JusTerm aracılığı ile gelecekte hayata geçireceğiniz fikirleriniz için neler öğrendiniz? Edindiğiniz tecrübeler neler oldu?

Açıkcası uygulama geliştirmeden önce fikir aşamasındayken kesinlikle pazar araştırması yapmak gerektiğini fark ettim. Uygulama geliştirmek gerçekten bir işin küçük kısmı, asıl olay iyi bir pazarlama ve iyi bir reklam stratejisinden geçtiğini fark ettim. Çünkü uygulamanız ne kadar iyi olursa olsun ne kadar az hata veriyor olursa olsun pazar tarafından son kullanıcı açısından bilinmiyorsa, fark edilmiyorsa yani kullanıcıya ulaşamıyorsa bunların bir anlamı kalmıyor.

O sebeple yeni bir fikri hayata geçirmeden önce geliştirme aşamasından önce pazar araştırması yapmak çok önemli.

Şu an ki deneyim ve birikiminiz ile JusTerm’i kurduğunuz ilk güne dönseydiniz neleri daha iyi yapardınız ve neleri yapmazdınız?

Uygulamaya reklam eklemiştim, şu an yapacak olsam uygulama içine reklam koymazdım. Çünkü proje çok dar ve niş kitleye hitap ettiği için buradan reklam ile gelir elde etme olasılığı çok çok düşük. Bu sebeple kullanıcı deneyimini daha iyileştirmek adına reklam koymaktan vazgeçerdim.

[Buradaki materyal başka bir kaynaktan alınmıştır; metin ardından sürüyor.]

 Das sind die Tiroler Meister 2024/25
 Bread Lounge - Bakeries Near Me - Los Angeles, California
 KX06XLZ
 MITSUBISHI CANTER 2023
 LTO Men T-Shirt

Uygulama tasarımıyla daha fazla uğraşırdım, daha güncel arayüzleri takip edip daha iyi bir tasarımla çıkacağımı düşünüyorum.

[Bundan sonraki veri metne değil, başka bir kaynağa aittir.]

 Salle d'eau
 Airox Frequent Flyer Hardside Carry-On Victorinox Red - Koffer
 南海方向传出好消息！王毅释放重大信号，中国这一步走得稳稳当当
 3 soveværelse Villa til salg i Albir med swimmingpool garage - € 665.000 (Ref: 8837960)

JusTerm’i kurarken sahip olduğunuz deneyim ve tecrübenin yeterli olduğunu düşünüyor muydunuz?

Hayır yeterli değildi zaten öğrenciydim, tamamen deneme yanılma projesiydi.

Kişilik özelliklerinizin JusTerm’i hayata geçirmeye olan etkisi hakkında ne düşünüyorsunuz?

Hem gözlemci hem sabırsız bir yapım var. İyi gözlem yapıp bir an evvel yapmak isteyen birisiyim. O yüzden çok hızlı şekilde projeyi ortaya çıkardım.

Yeni başlayan girişimcilere tavsiye edebileceğiniz öğrenme kaynakları nelerdir?

Açıkcası kendimi çok girişimci olarak görmüyorum, hukuk üzerine bir açıklık görmüştüm ve bunun üzerine bir uygulama yapan bir geliştiriciyim aslında. Bu uygulamadan sonra bir uygulama çıkartmadım, girişimci olarak değil tam zamanlı olarak çalışmaya devam ettiğim için kendimi tavsiye verebilen konumda görmüyorum.

Son olarak bu yazıyı okuyanlara vereceğiniz beş tavsiyeniz neler olurdu?

1 - İlki uygulama geliştirmek istiyorlarsa akıllarına ilk gelen fikri uygulamaya döksünler.

2 - Uygulama geliştirmek istiyor ama fikir bulamıyorlarsa var olan fikirler üzerinden gidip deneme yanılma yapsınlar.

3 - Fikir üzerine para kazanma odaklı düşünen var ise ilk önce pazar araştırması yapsınlar.

4 - Yazılım öğrenmeye niyet eden varsa düşünmeden ilk gördüğü yerden öğrenmeye başlasın.

5 - Son olarak kesinlikle keyif aldığınız işi yapın.